From "sell a kidney" to tactical clarification
Saylor's reversal stands in stark contrast to nearly four years of rhetorical campaigning. In January 2022, he had declared on Bloomberg: "We are not sellers. We just buy and hold BTC." In February 2024, he called Bitcoin itself the "exit strategy" on Bloomberg TV. Subsequently, in March 2024, his Yahoo interview went viral, in which he equated the "highest and best use of capital" with holding Bitcoin. In February 2025, he sharpened the tone further: "Sell a kidney if you must, but keep the BTC." Just three months before the current earnings call, he had reiterated on CNBC: "We will not sell."

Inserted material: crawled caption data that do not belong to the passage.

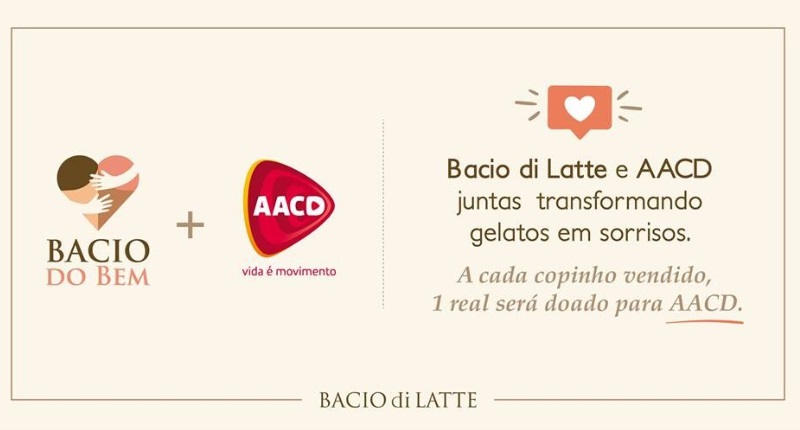 No Dia do Sorvete, Bacio di Latte reverte parte das vendas à AACD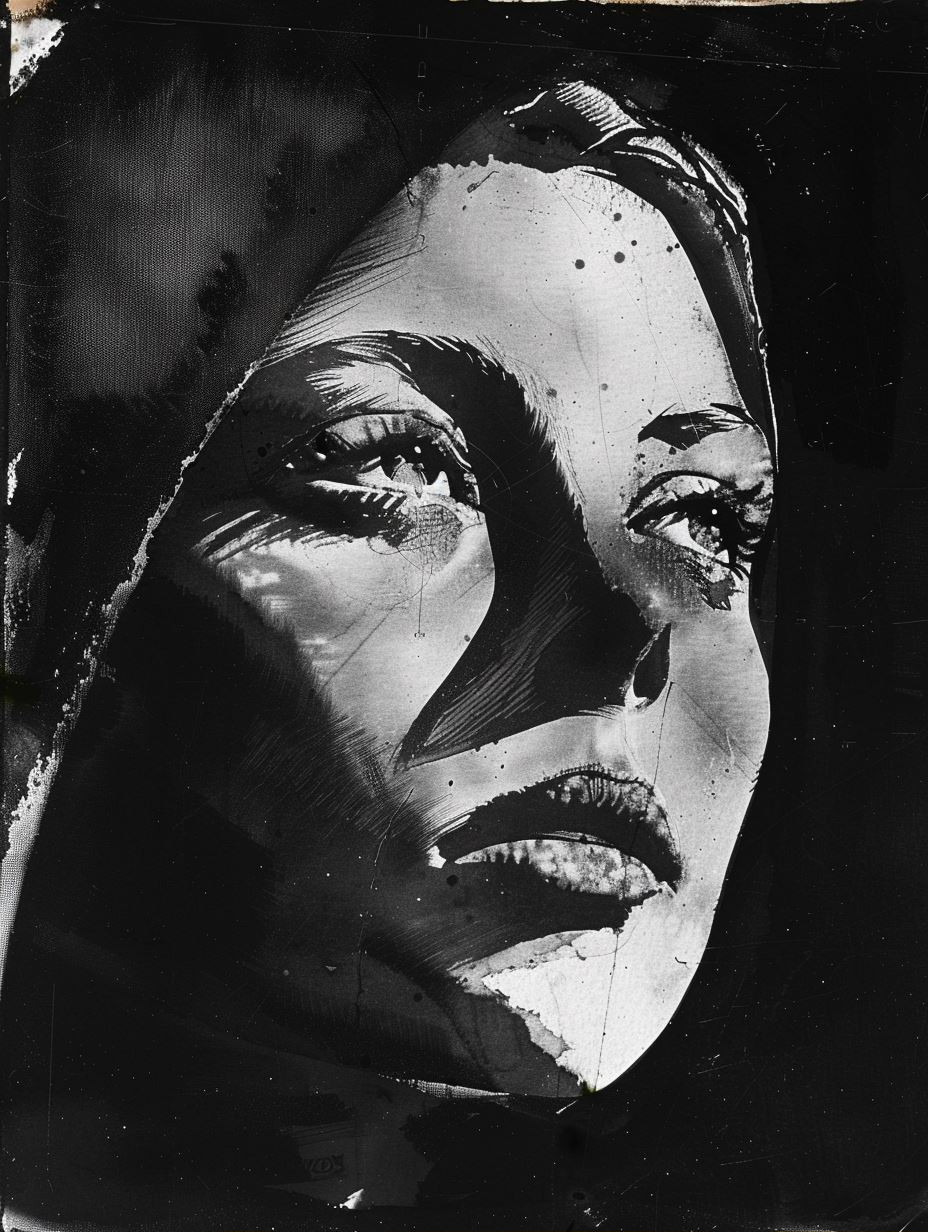 Noir Ink Portrait of Solitude - Image 2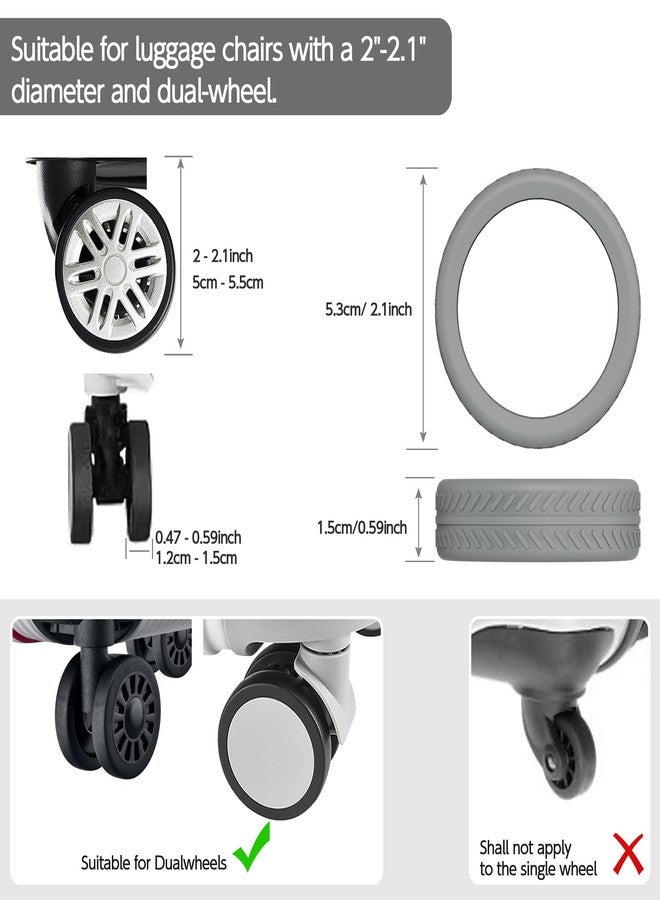 AWINNER 8 Pack Luggage Wheels Covers - Silicone Luggage Wheel Protector Covers for most 8 Spinner Wheel Suitcases or Office Chair Caster,Durable,Mute and Shock Absorption (Grey) - Image 3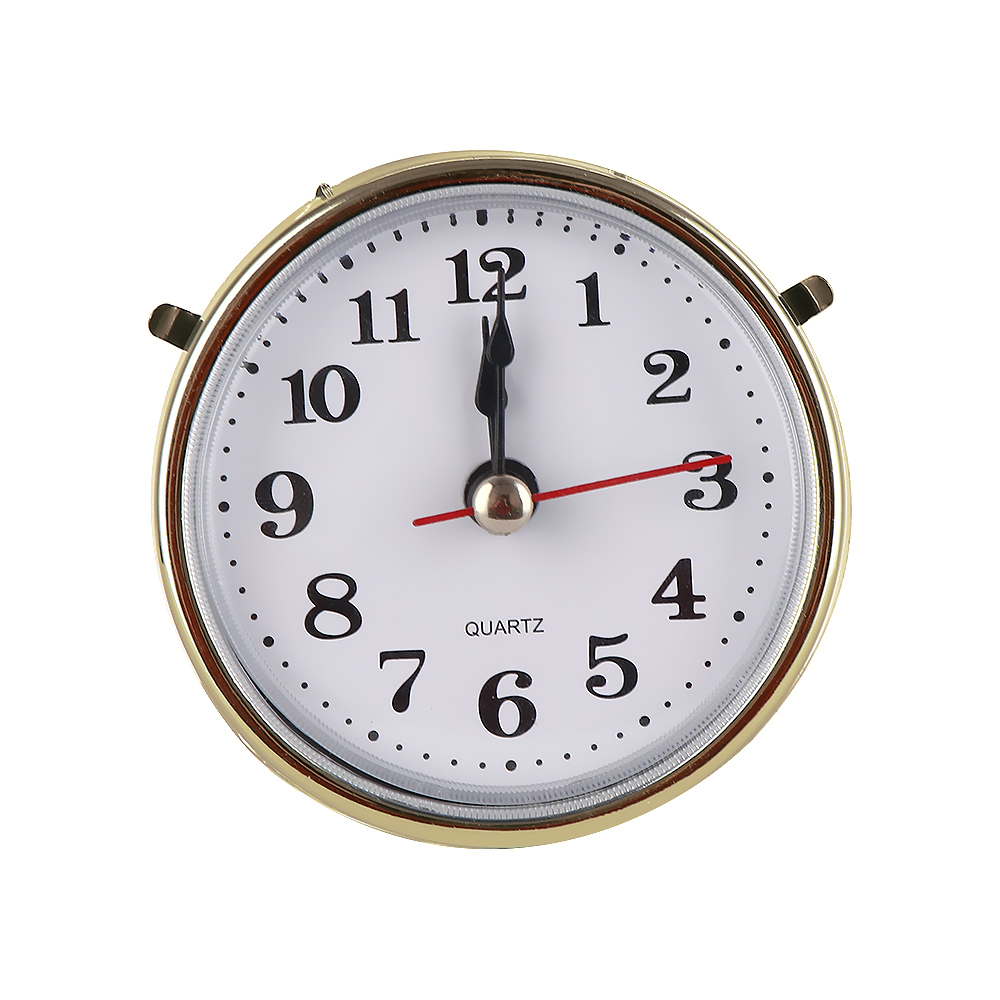Classic Mute 2-1/2" (65mm) Clock Clock Quartz Mechanism Movement Insert Roman Numeral White Face Gold Trim Practical DIY Parts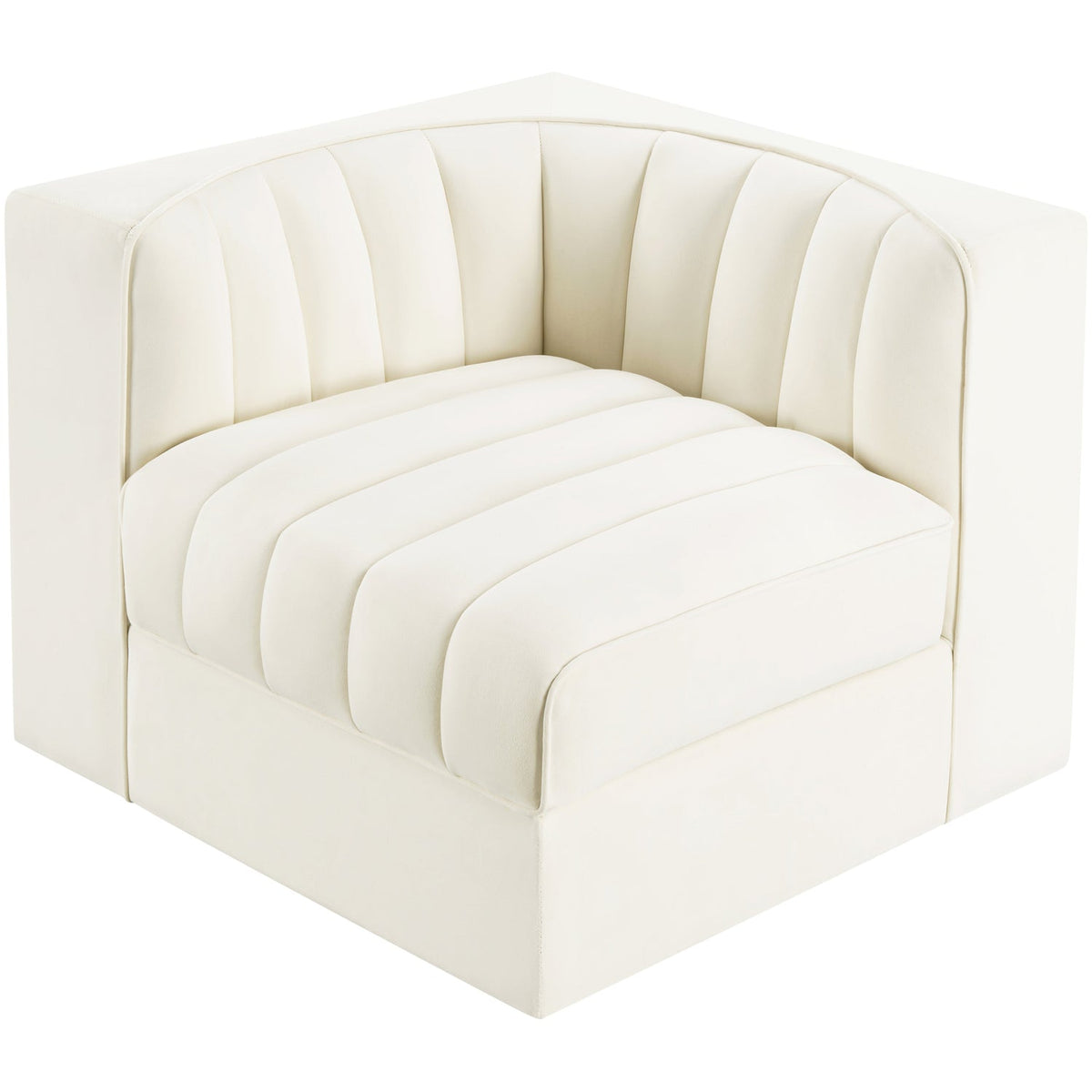 Rummi Cream Velvet Performance Fabric Upholstered Modular Chair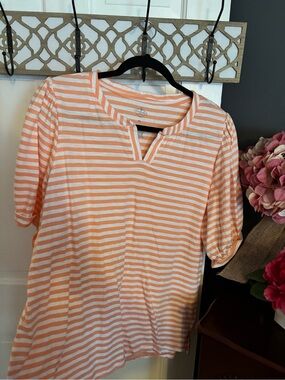 St John’s Bay Lightweight Peach Striped Women’s Top by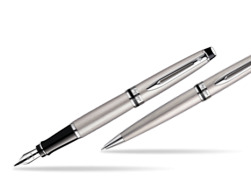 Zestaw prezentowy pióro wieczne + długopis Waterman Expert Stalowy CT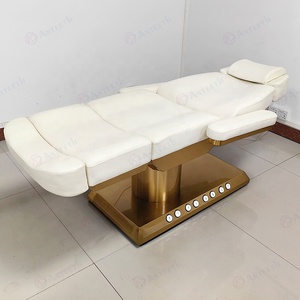 Anteeth Nueva Camilla de Masaje Moderna con Base Blanca Dorada, Control de Pie Integrado, Eléctrica, para Estética Facial y de Pestañas - Product Image 2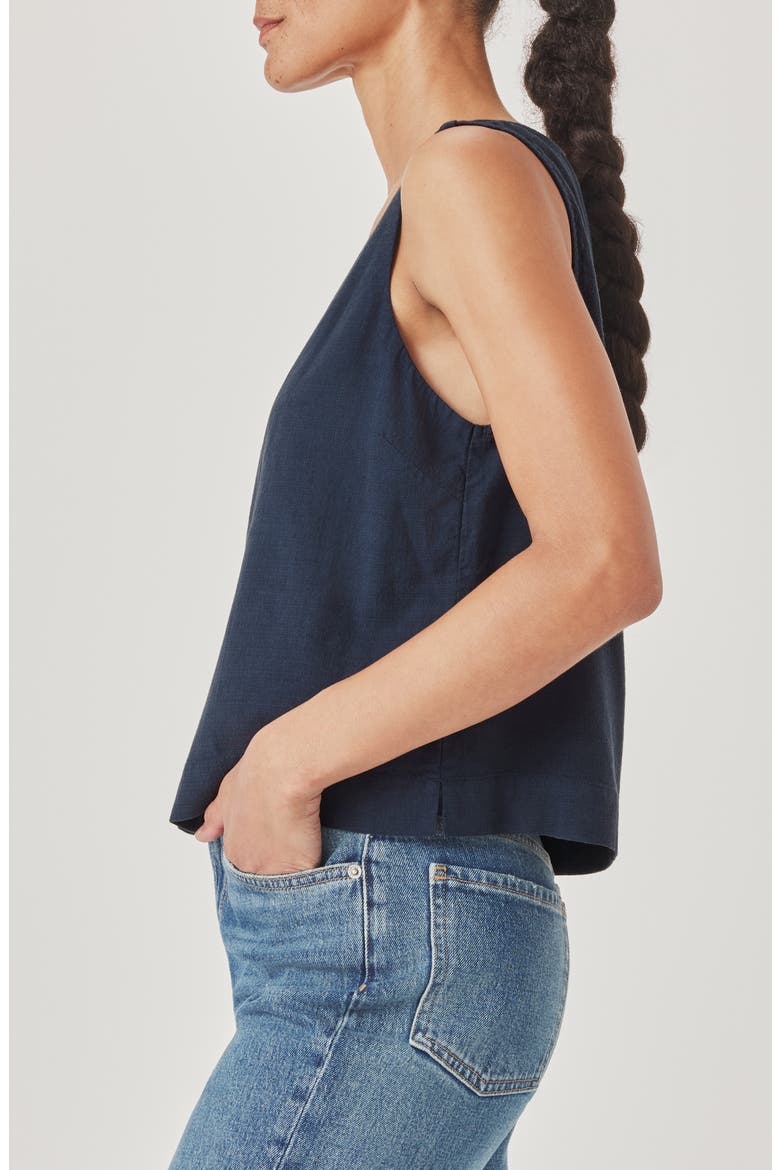 Adele Linen Blend Vest, Alternate, color, NAVY BLUE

Notably, Saylor quickly reframed the statement afterward. In a Fortune interview dated May 8, he explained that the sales remark had been a tactical message aimed at short sellers. Anyone wanting to break the strategy, he argued, must show that Bitcoin would, if necessary, be exchanged for shares or sold to service liabilities. On Stocktwits he clarified further: "If I were more precise, I would say: never be a net seller of Bitcoin. That just wouldn't have been as viral or as catchy."
Strategically, the qualification is understandable. However, it comes too late to reverse the market's interpretation. What used to count as a non-negotiable principle is now a conditional policy. As long as Bitcoin grows faster than the dividend load, the company buys; otherwise, it sells. For the credibility of the treasury strategy, this shift is not trivial.
3.9 percent market share and the industry comparison
With 818,334 BTC, Strategy holds nearly twenty times as much as its next-largest competitor. Metaplanet from Japan, now the third-largest listed Bitcoin treasury, held 40,177 BTC at an average price of roughly 97,000 USD as of the end of March 2026. That marks a significantly higher cost basis than Strategy's 75,532 USD. Marathon Digital, after selling 15,000 BTC in March 2026, still holds around 38,700 BTC. Precisely this Marathon sale, which served to redeem convertible bonds, delivered the industry precedent for what Saylor is now hinting at.
The decisive factor is scale. A coordinated sale by Strategy would carry a volume for which there is no comparable actor in the corporate universe. Even a partial sale to service the STRC dividends would imply tens of thousands of BTC. This is in a market that thrives on ETF inflows and institutional buyers but can turn thin under selling pressure.
Officially, Strategy continues to pursue the goal of expanding its holdings to one million Bitcoin. During the earnings call, CEO Phong Le reaffirmed the ambition to double BTC per share within seven years, which corresponds to roughly 10 percent annual growth. In May 2026, this metric stood at 213,371 satoshis per share, compared with 181,030 in the prior year, a gain of about 18 percent. Therefore, the mechanics still function. The open question is how long that will remain true once the mNAV no longer runs on autopilot above 1.0x and the dividend clock keeps ticking monthly.